“It is our hope that the Chinese government will respect our criminal justice system,” Holder said.
The indictment has put a greater strain on the U.S.-China relationship.
Chinese Foreign Ministry spokesman Qin Gang denied the allegations and said that Beijing would suspend binational activities to bolster international cybersecurity, citing the U.S.’s “lack of sincerity” to resolve issues through dialogue.
“The U.S. accusation against Chinese personnel is purely ungrounded and absurd,” he said.
In a separate statement, China's defense ministry said the government and the military have never engaged in cyberspying on businesses. It called on the United States to immediately stop spying on China, saying that the charges have seriously damaged trust between the two militaries.
China announced it was suspending cooperation with the United States in a joint cybersecurity task force over Monday's charges that officers stole trade secrets from major American companies. The Foreign Ministry demanded Washington withdraw the indictment.
In recent months, Washington has been increasingly critical of what it describes as provocative Chinese actions in pursuit of territorial claims in disputed seas in East Asia. For its part, Beijing complains that the Obama administration’s attempts to redirect its foreign policy toward Asia after a decade of war in the Middle East is emboldening China’s neighbors and causing tension.
U.S. officials previously accused China’s army and China-based hackers of launching attacks on American industrial and military targets, often to steal secrets or intellectual property. China has said that it faces a major threat from hackers, and the country’s military is believed to be among the biggest targets of the NSA and U.S. Cyber Command.
Qin echoed these allegations in his response to Washington Monday. “It is a fact known to all that relevant U.S. institutions have long been involved in large-scale and organized cybertheft as well as wiretapping and surveillance activities against foreign political leaders, companies and individuals,” he said.
“China is a victim of severe U.S. cybertheft, wiretapping and surveillance activities. Large amounts of publicly disclosed information show that relevant U.S. institutions have been conducting cyberintrusion, wiretapping and surveillance activities against Chinese government departments, institutions, companies, universities and individuals.”
Despite the pointed language, damage to U.S.-Chinese relations is likely to be limited, with little change in trade or military links, because Beijing realizes the indictment of the five officers is symbolic, said Shen Dingli, a director of the Center for American Studies at Shanghai's Fudan University. He has close ties to China's foreign policy establishment.
Beijing is unlikely to engage in tit-for-tat retaliation such as issuing its own indictments of American soldiers and probably will go ahead with plans to take part in U.S.-hosted naval exercises next month, Shen said. He said cybersecurity cooperation is likely to be suspended indefinitely, but that should have little impact because the joint group achieved little in its three meetings.
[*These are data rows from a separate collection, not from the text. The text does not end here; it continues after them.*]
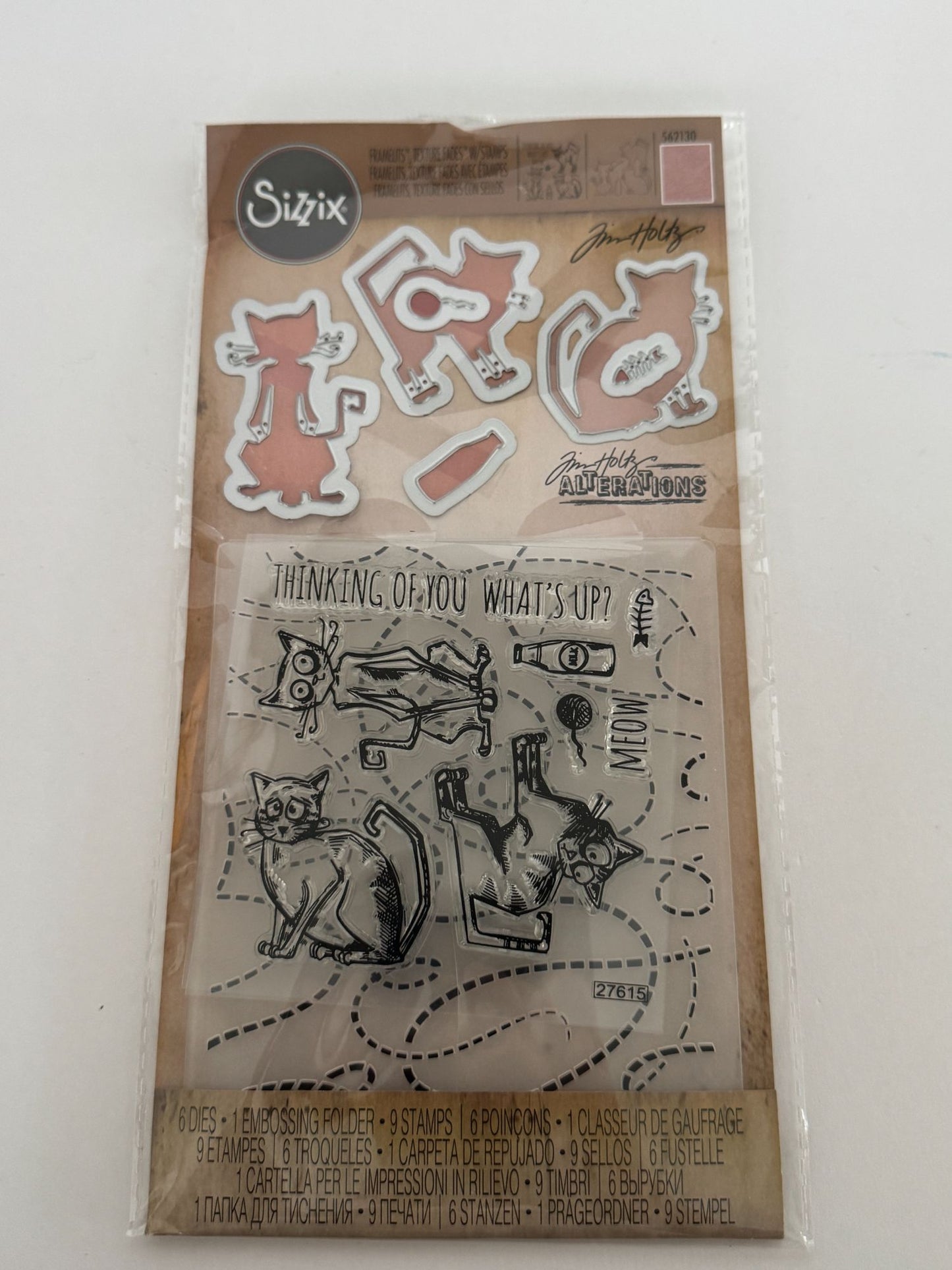 Tim Holtz Sizzix Framelits Cat Chat Stamps Dies Embossing Folder Thinking of You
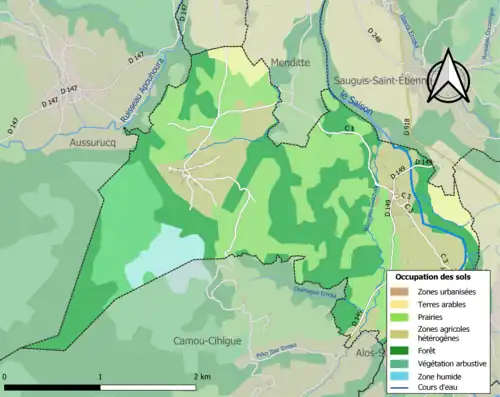 Carte en couleurs présentant l'occupation des sols.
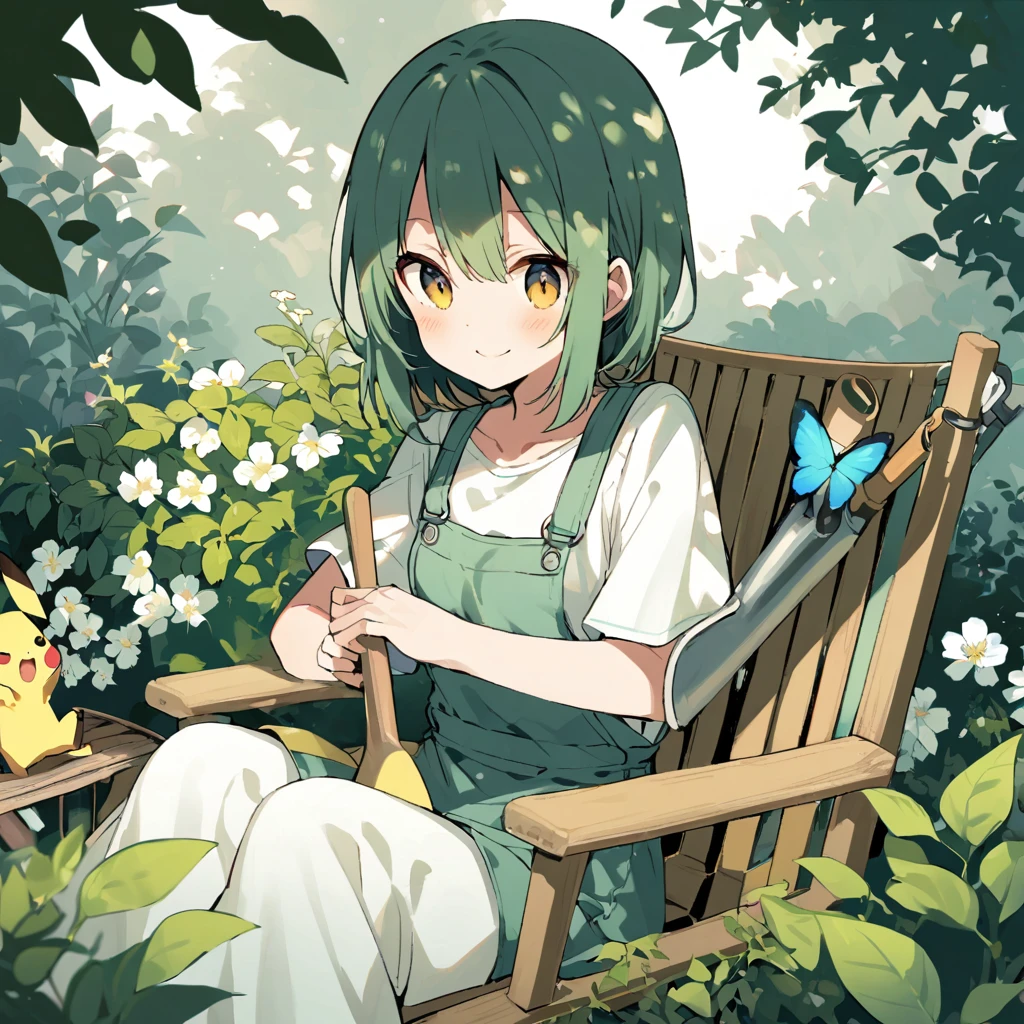 ((Light Contrast: 1.4)), BREAK {Draw a delightful illustration of Pikachu relaxing in a garden chair. Pikachu should be surrounded by blooming flowers and greenery, sitting comfortably with a smile. Include details like a watering can, garden tools, and butterflies flying around. The overall vibe should be fresh and lively}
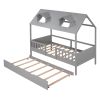 Twin Size House Bed Wood Bed with Twin Size Trundle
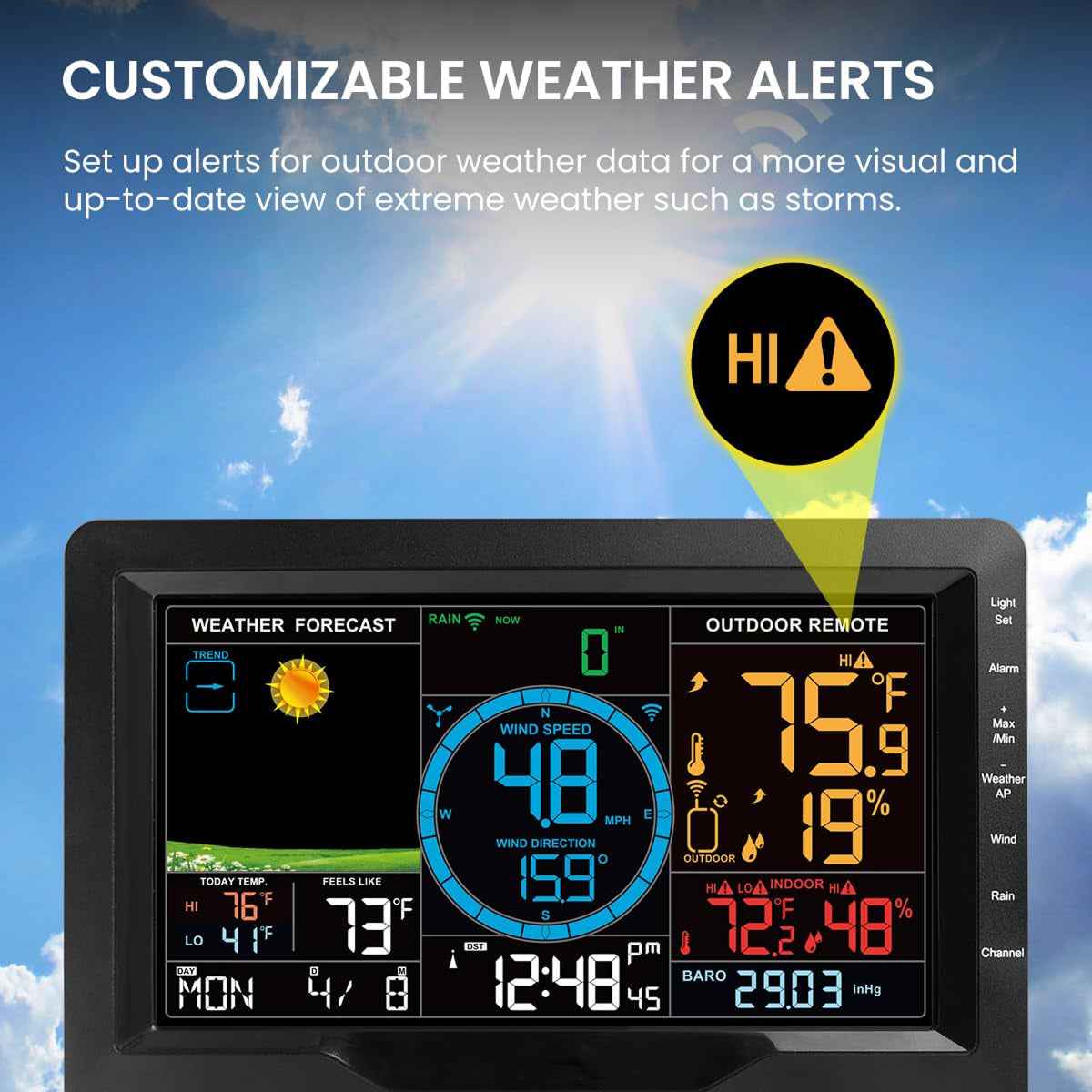 TaciAtmos Weather Station 8-in-1 Wireless Wi-Fi 328ft Outdoor Sensor Monitor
"Political, security and commercial espionage will always happen," Shen said. "The U.S. will keep spying on Chinese companies and leaders, so why can't China do the same?"
The Cabinet's Internet information agency said Chinese networks and websites have been the target of thousands of hacking attacks from computers in the United States.
In March, Beijing expressed “extreme concern” over reports by The New York Times that the NSA had secretly accessed the email archive of telecom giant Huawei, a major competitor of U.S.-based Cisco Systems.
U.S. officials maintained, in at least one anonymous comment to the press, that the intelligence operation was not economic espionage.
Last September, President Barack Obama discussed cybersecurity issues on the sidelines of a summit in St. Petersburg, Russia, with Chinese President Xi Jinping.
White House spokesman Ben Rhodes said at the time that Obama had addressed concerns about cyberthreats emanating from China. He said Obama told Xi the U.S. sees it not through the prism of security but out of concern over theft of trade secrets.
John Carlin, recently installed as the head of the Justice Department’s National Security Division, earlier this year cited prosecution of state-sponsored cyberthreats as a key goal for the Obama administration.
An FBI official last week told Reuters to expect multiple cybersecurity-related cases, including indictments and arrests, in the coming weeks.
In late March, Defense Secretary Chuck Hagel revealed that the Pentagon planned to more than triple its cybersecurity staff in the next few years to defend against Internet attacks that threaten national security.
Hagel’s comments at the National Security Agency headquarters in Fort Meade, Maryland, came as he prepared to visit China.
“Our nation’s reliance on cyberspace outpaces our cybersecurity,” Hagel said at the time. “Our nation confronts the proliferation of destructive malware and a new reality of steady, ongoing and aggressive efforts to probe, access or disrupt public and private networks and the industrial control systems that manage our water and our energy and our food supplies.”
The attempt to crack down on China cyberespionage comes a year after details of the scope of the Obama administration’s own state-sanctioned spying program was revealed as a part of the broader leaks by former National Security Agency contractor Edward Snowden.
Among the revelations from those leaks was a U.S. effort to spy on the leaders of some of its allies, including Germany and Brazil, which led to public outrage in both countries.